Les résultats de son enquête vont à l’encontre de plusieurs écrits. Sa collègue et lui n’ont observé que « peu de liens entre les situations de conflits travail-famille ou d’enrichissement travail-famille vécues par les femmes entrepreneures et leurs intentions de développer leur entreprise », indique un résumé de la recherche.
L’étude a cependant démontré que les femmes sont plus enclines à faire croître leur entreprise si les personnes importantes dans leur vie, qu’il s’agisse de membres de la famille ou de partenaires d’affaires, les encouragent à aller de l’avant.
« Très surprise »
« Je suis très, très surprise d’entendre ça, parce que ce n’est pas le reflet de ce que j’entends dans ma vie de tous les jours.

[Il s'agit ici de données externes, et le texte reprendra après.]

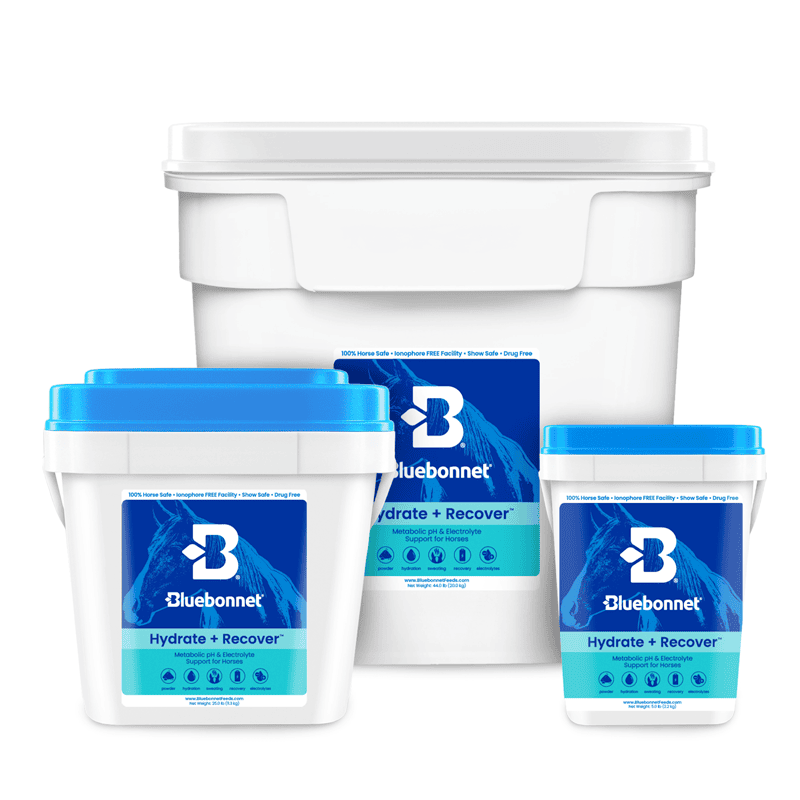 Hydrate & Recover (Turbo Mag BCAA)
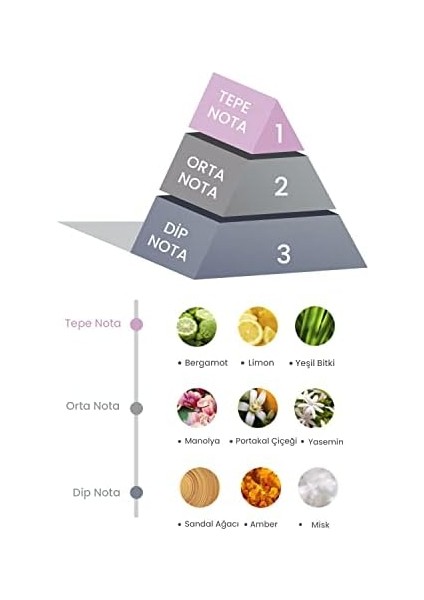 Bambu Çubuklu Oda Kokusu Magnolya ve Yasemin 100 ml fiyatları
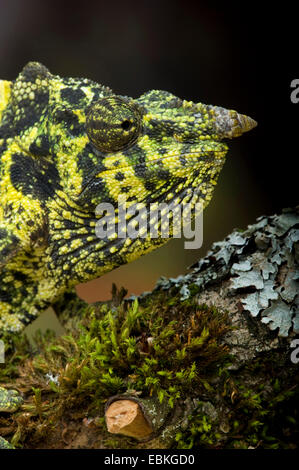 Meller (camaleonte Chamaeleo melleri), seduto su un ramoscello di muschio, ritratto Foto Stock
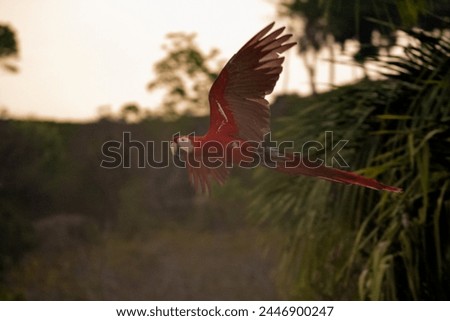 Beautiful picture of a Red-Green Macaw bird flying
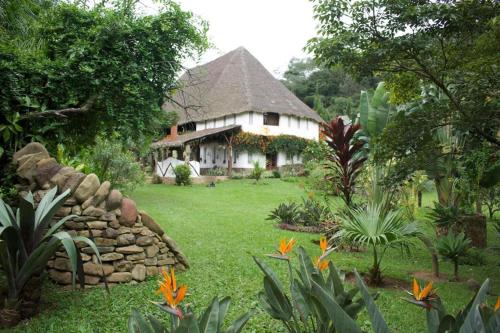 Villa Rossy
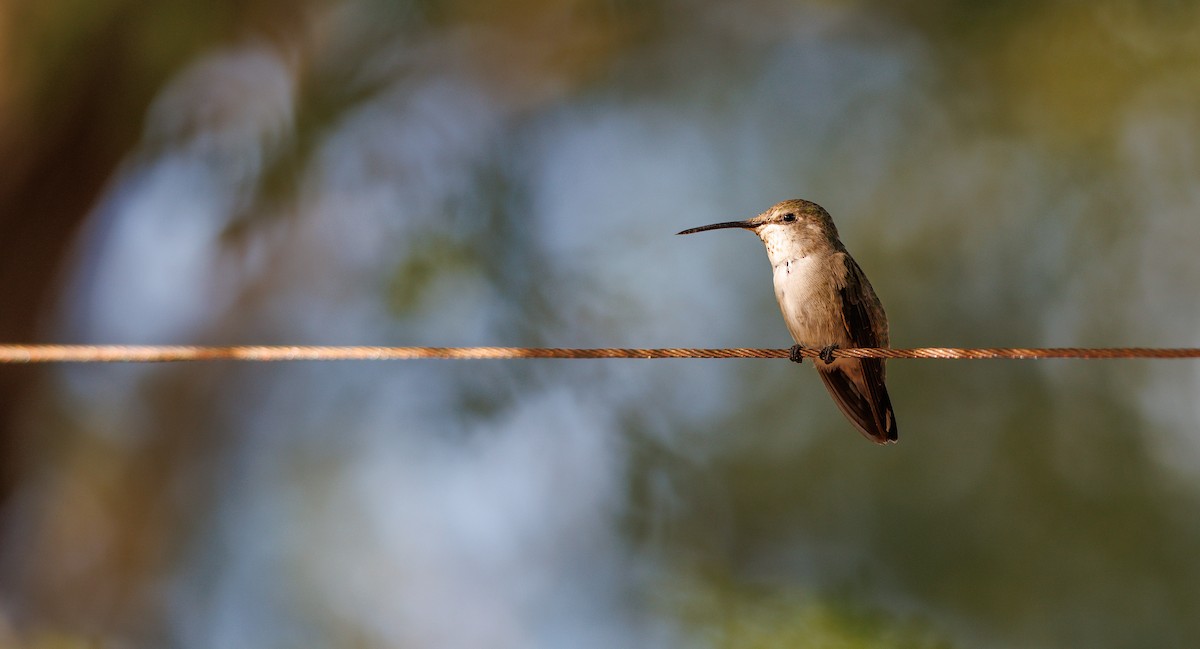 Costa's Hummingbird - ML641138013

À la fois avec celles qui veulent se lancer en affaires et celles qui ont démarré leur entreprise », lance la présidente-directrice générale du Réseau des femmes d’affaires du Québec (RFAQ), Ruth Vachon, qui représente près de 2000 membres.
Dans un rapport dévoilé en octobre dernier par la Banque de Montréal, la moitié des entrepreneures interrogées avaient également établi la nécessité de faire vivre leur famille jusqu’à ce que leur entreprise soit rentable comme l’un des principaux défis qu’elles avaient eu à relever au moment de se lancer en affaires.

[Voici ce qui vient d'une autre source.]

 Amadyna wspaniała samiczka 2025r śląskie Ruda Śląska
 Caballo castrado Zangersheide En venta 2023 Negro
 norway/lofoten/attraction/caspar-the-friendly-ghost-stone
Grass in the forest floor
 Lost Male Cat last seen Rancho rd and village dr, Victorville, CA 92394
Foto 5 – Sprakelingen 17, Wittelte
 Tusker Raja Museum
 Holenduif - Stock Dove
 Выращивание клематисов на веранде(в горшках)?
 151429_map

Mme Vachon admet qu’une femme qui a la « fibre entrepreneuriale » depuis toujours ne craindra sans doute pas de lancer, puis de développer son entreprise. « Mais quelqu’un qui n’est pas certain de son choix va hésiter longtemps », juge-t-elle.

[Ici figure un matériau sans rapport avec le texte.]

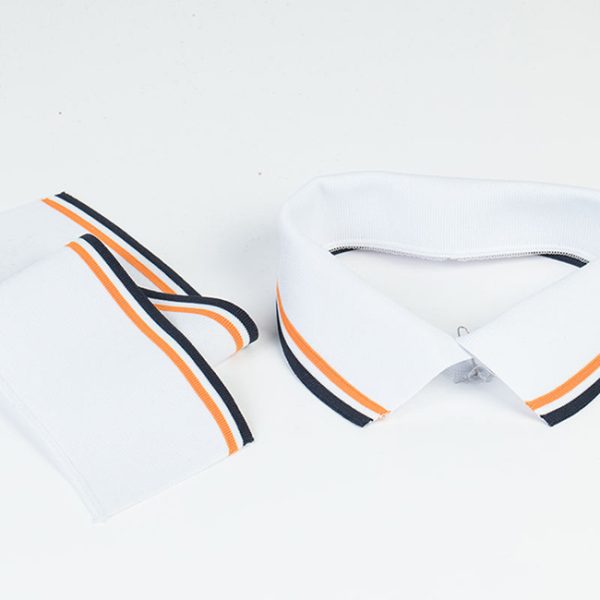 Bo det co ao polo 15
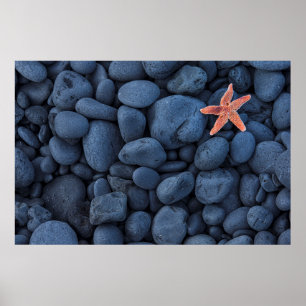 Póster Starfish On Black Rocks Along The Coast   Iceland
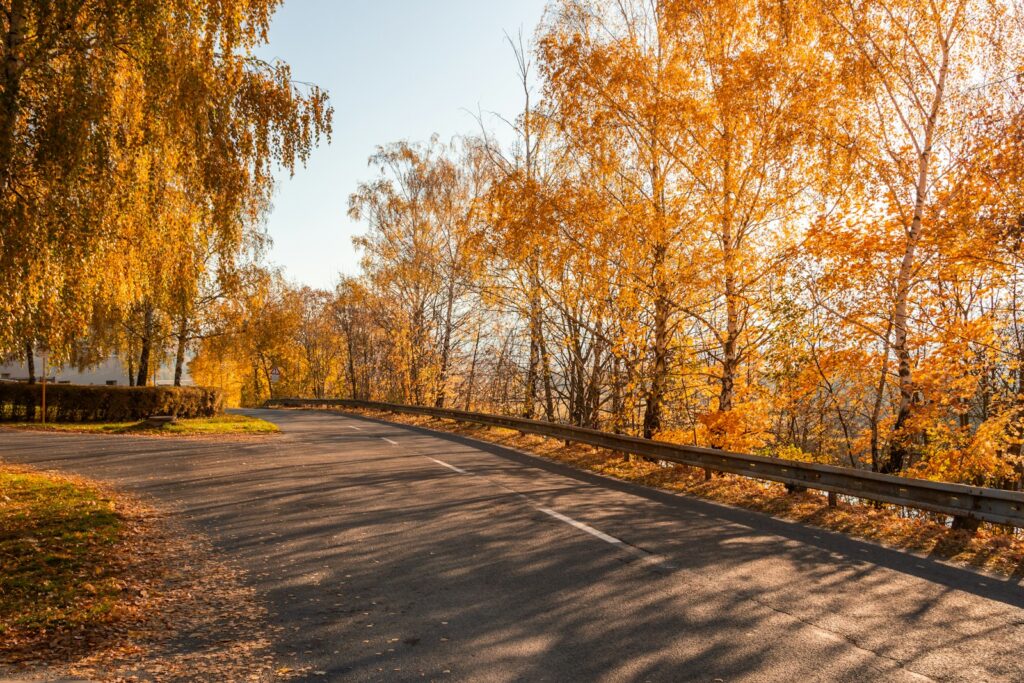 a road surrounded by trees with yellow leaves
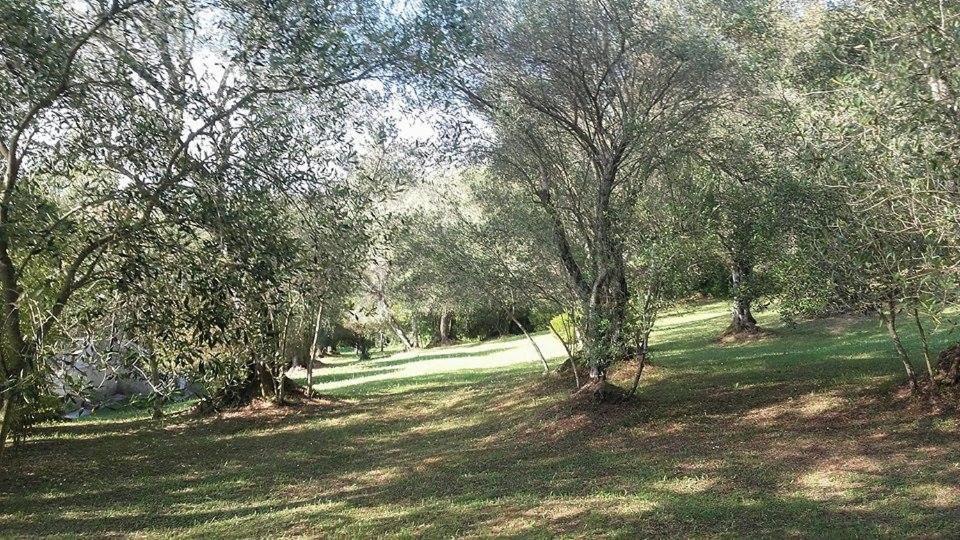 Karamali Green Danilia Villas Gouvia Exteriér fotografie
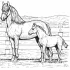 Mother and Pony Coloring Pages
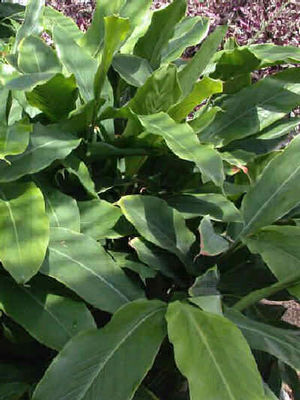 cardamom plant indoors Elettaria cardamomum – Tropical Foliage Cardamom Plant – Woodlanders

La dirigeante du RFAQ ne manque pas d’exemples : les jeunes femmes qu’elle rencontre se demandent si elles pourront avoir des enfants sans mettre en péril leur entreprise en démarrage et, si oui, à quel moment. Mme Vachon constate aussi que la nouvelle génération d’entrepreneures n’a pas les mêmes priorités que les précédentes.
« Nos jeunes ne veulent pas réussir de la même façon que nous avons réussi. Ils ne veulent pas nécessairement avoir des multinationales et veulent avoir des vies équilibrées », dit-elle. Il faut donc les soutenir sur le plan financier, mais surtout leur donner des outils et des conseils pour « faire face aux marchés ».
La bonne nouvelle pour les femmes d’affaires en devenir, c’est qu’un changement de culture plus général semble gagner le niveau politique, remarque Ruth Vachon. Celle-ci a été ravie d’entendre le premier ministre Justin Trudeau parler de conciliation travail-famille lors de la dernière campagne électorale fédérale, ou encore de parité hommes-femmes au moment de dévoiler la composition de son Conseil des ministres.
« Il y a un équilibre qui est en train de prendre forme, par les discours qu’on entend », note-t-elle, réclamant au passage davantage d’« outils » pour les entrepreneures d’aujourd’hui et de demain.